In April 1974, the company started its NBC training in Pitts Road. Then we had to do two jumps out of the balloon over Hankley Common in full NBC kit. The first jump was clean fatigue and the second with a CSPEP container.
I remember that the first jump went fairly well; the biggest problem was that the gas mask steamed up, making it difficult to see to check the canopy as well as your distance from the ground. Even worse, the chin piece of the gas mask mask prevented you looking down on landing, and getting your head tucked in, hence a few injuries on landing, which stopped guys doing the second jump.

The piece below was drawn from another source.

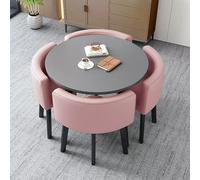 Modern Office Reception Table and Chair Set Round/Square Conference Dining Table with Stylish Chairs t for Office Living Room Dining Room (Round-19)
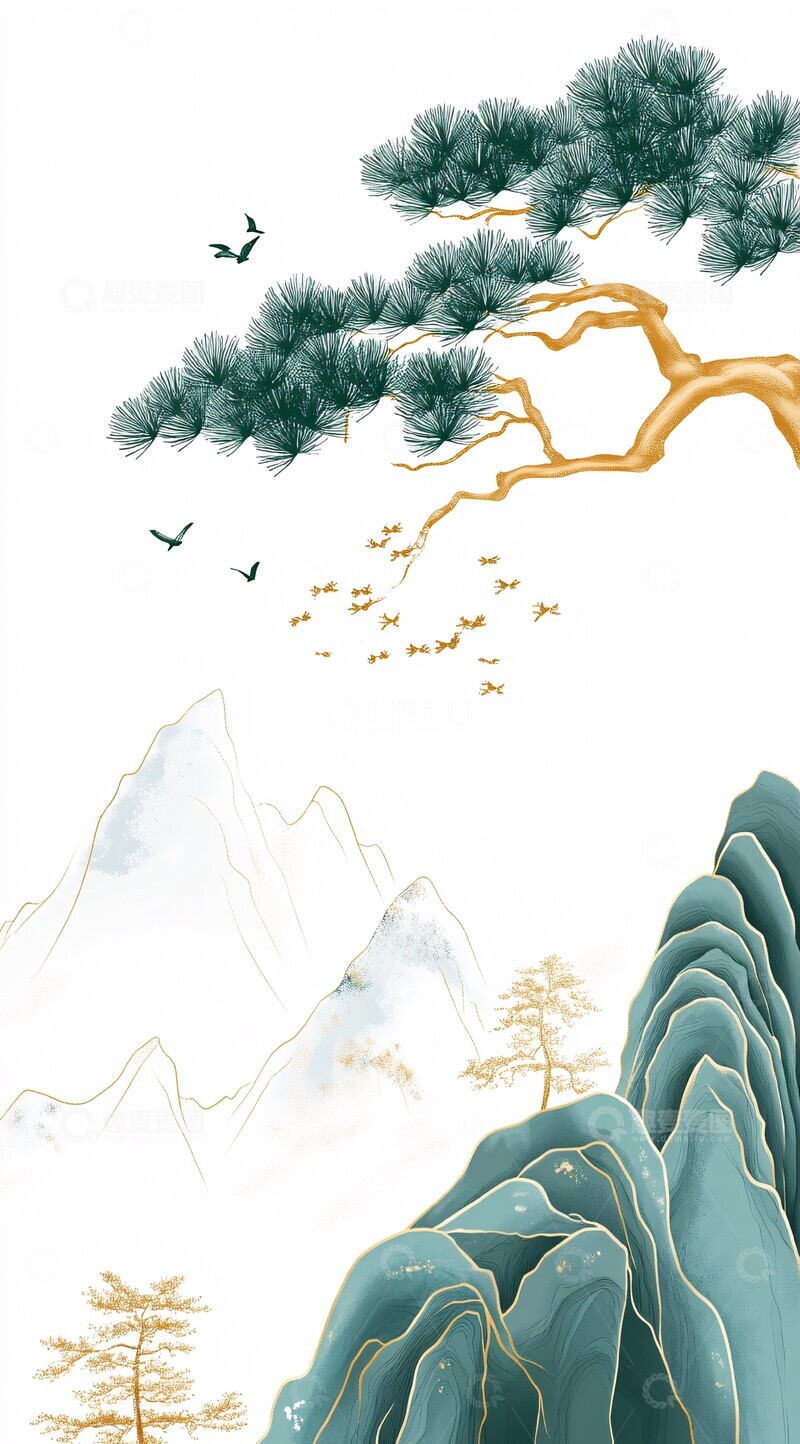 高清大图下载【趣麦麦图】青山松柏绣艺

Now we had to jump the balloon with the CSPEP or container. One guy refused to get in the cage and ran away across Hankley Common in full NBC kit and jump helmet, with his parachute and reserve. Two guys were dispatched to get him.
He was taken away and by the time we got back, he was gone from the billets. We never saw him again. He clearly had a panic attack. This guy had jumped all the previous JATFOR exercises. He was a good comrade to us all in Northern Ireland. It was so sad to see him go, and with no farewell. We all felt so sorry for him, with his career now in tatters.
For me, the second balloon jump was just like the first: gas mask steamed up, making the landing difficult as I could not see the ground looking down. Many others reported the same issue. We also had trouble with our hooks when it came to dropping our containers because of the NBC rubber gloves, which made it difficult to feel and operate the hooks. This caused more injuries; some landed with their containers still on their legs.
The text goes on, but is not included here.